Итак, стилистика Антонио Гауди действительно оказалась во многом близкой архитектуре постмодернизма или, скорее, была воспринята им как оправдание вседозволенности. Пример Гауди наглядно подтверждает постмодернистский тезис «больше значит больше», нацеленно противопоставленный афоризму Миса ван дер Роэ «меньше значит больше».
Становление новых тенденций в архитектуре Запада привело и к более непосредственному развитию традиций Антонио Гауди в испанской архитектуре. Барселонский проектный коллектив, назвавший себя «Архитектурная мастерская» и возглавляемый Рикардо Боффилом, создал в 60—80-е годы целую серию почти фантастических по замыслу и почти литературных по программности, но, как и у Гауди, успешно реализованных проектов. Их преувеличенная, подчас экстатическая образность, экспрессивная пластика, насыщенный цвет, открытое воспроизведение исторических форм, неожиданные сочетания материалов, применение современных индустриальных конструкций, нередко причудливо сочетающихся с демонстративной атектоничностью — все это прямо или косвенно от Гауди.

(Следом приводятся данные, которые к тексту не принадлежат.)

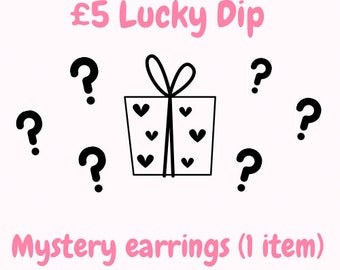 Lucky dip - earrings | birthday gift | TikTok live | resin | fuse beads | fiver lucky dip | mystery box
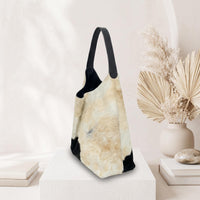 Natural Hair-On Cowhide Leather Tote Bag | Handmade Western Bohemian Shoulder Bag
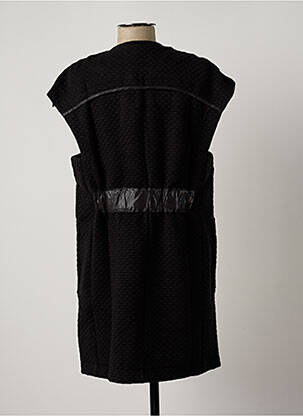 Robe mi-longue manches courtes manches courtes noir ARELINE femme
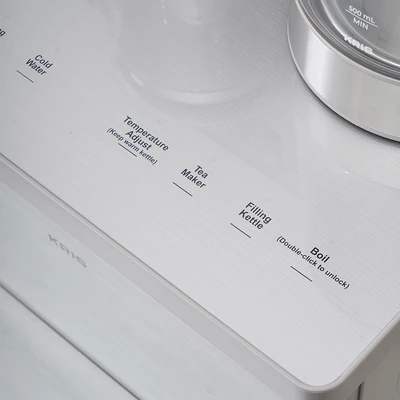 Gambar Kris Dispenser Air Bottom Loading Electric Dengan Kettle & Tea Maker - Silver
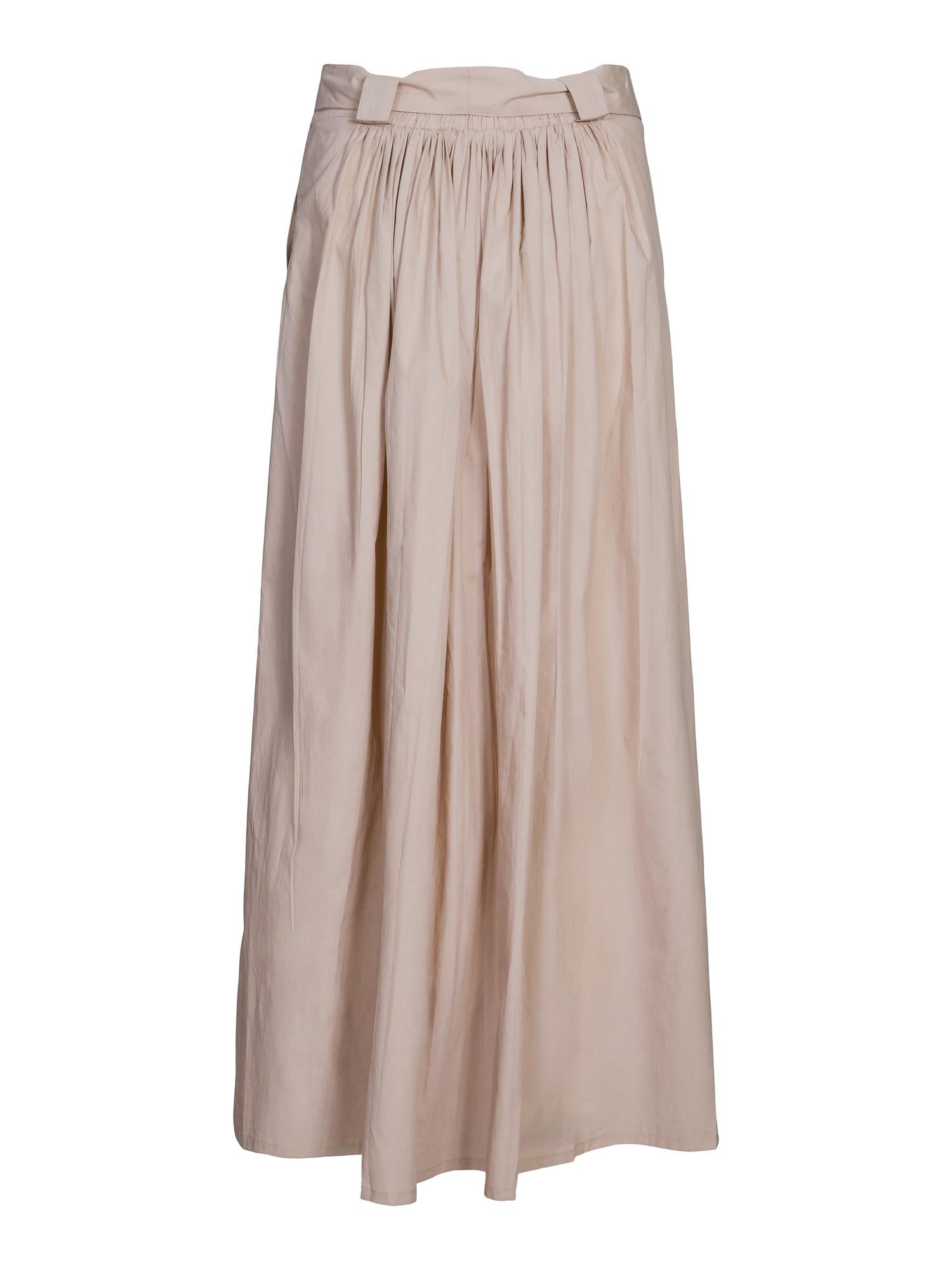 Cotton skirt Sand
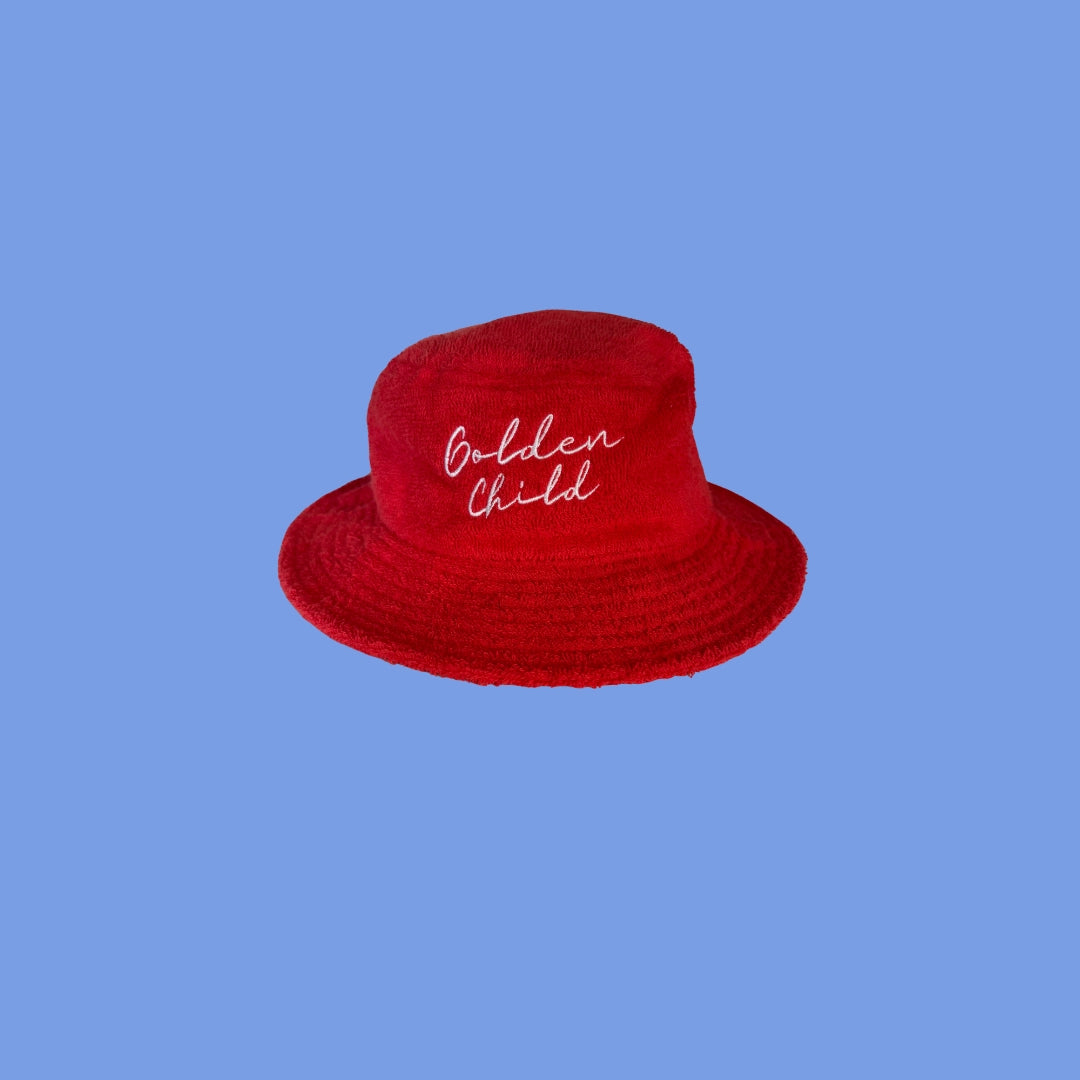 Endless Summer Brimmed Terry Hat - Racer Red
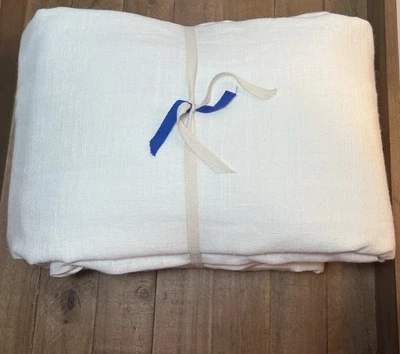 Pottery Barn Emery Linen Curtain 100” x 108” ~ Ivory ~ Light Filtering - Image 1 of 4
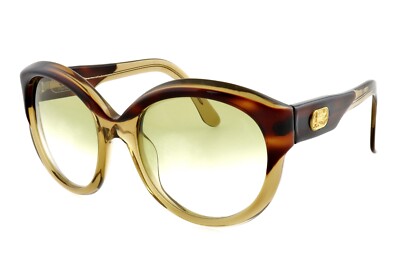Vintage CELINE C2-03729 54mm Crystal Brown Oversized  display picture 3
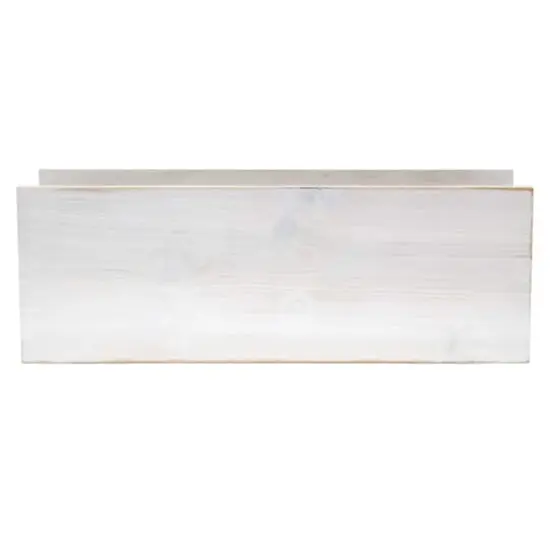 Elegant Designs 15.75" Kitchen Organizer White Wash {10}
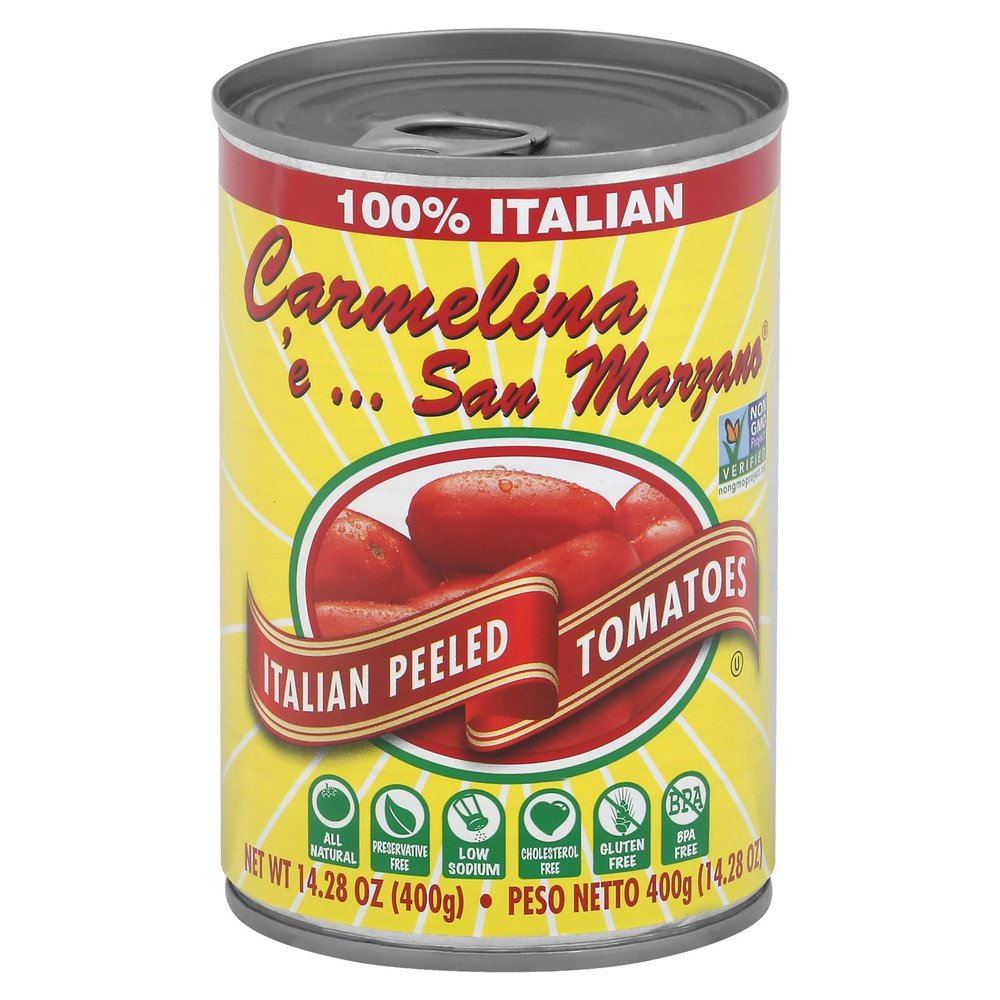 C.armelina E San Marzano Italian Whole Tomatoes in Puree 14.28 oz (Pack of 12)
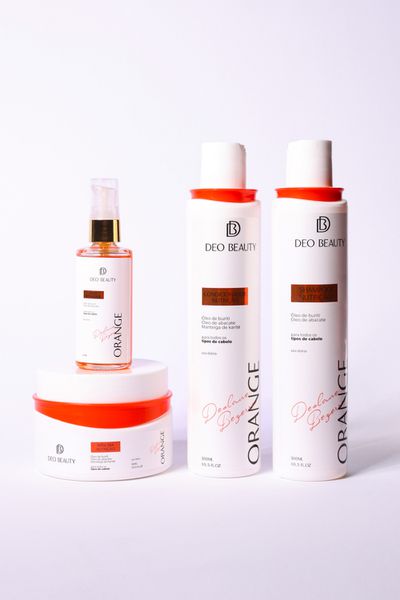 Kit Orange NUTRIÇÃO COMPLETA - (Shampoo + Condicionador + Máscara + Óleo)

И, наверное, уважение не просто к славе Барселоны, но и к творческому предшественнику, звучало в названии одного из первых их жилых комплексов — «Предместье Гауди». Но наследие Гауди слишком значительно, глубоко, универсально, чтобы остаться связанным только с постмодернизмом, который при всей антиэлитарности и стремлении к гуманизму несет отчетливую печать буржуазного конформизма и «идеалов» потребительского общества. Архитектура Гауди, выросшая из прошлого и столь тесно, причем не только используемыми формами, но содержательно связанная с прошлым, поистине устремлена в будущее. В этом смысле можно согласиться со словами Ч. Дженкса: «… архитектура должна быть многозначной. Как и здания Гауди, она должна быть сверхкодирована посредством различных типов знаков, избыточна в отношении значений, вульгарных и элитарных, обыкновенных и оригинальных, буквальных и метафорических. «Предсказание»— это синоним «надежды», но, как мне кажется, мы находимся в точке, не так уж отличающейся от той, из которой созрело «ар-нуво». Современная архитектура как язык в данный момент обогащается популярными и народными архитектурными диалектами и эрзац-архитектурой. Все может произойти, и можно верить, что процесс этот уже начался».
«Плюралистичность» Гауди — это в действительности характерный для Испании полистилизм, синкретичность, «соборность», внутренне очень дисциплинированные, органичные, вдохновленные высокой целью и потому обращенные в своеобразную стилевую целостность. Уже одно это отличает его от постмодернизма. Ретроспективистски-утопический романтизм Гауди, его интерес к готике и народному искусству, к ремеслам характерны для «ар-нуво» и близких к нему национально-романтических течений. Они были созвучны почти одновременным исканиям англичан Рескина и У. Морриса, американца Г.-Х. Ричардсона, русских художников круга Абрамцева и Талашкина. У Гауди эти реминисценции были масштабно и конструктивно преобразованы, приобрели крайне индивидуализированную, экспрессивную, свободную от манерности образность.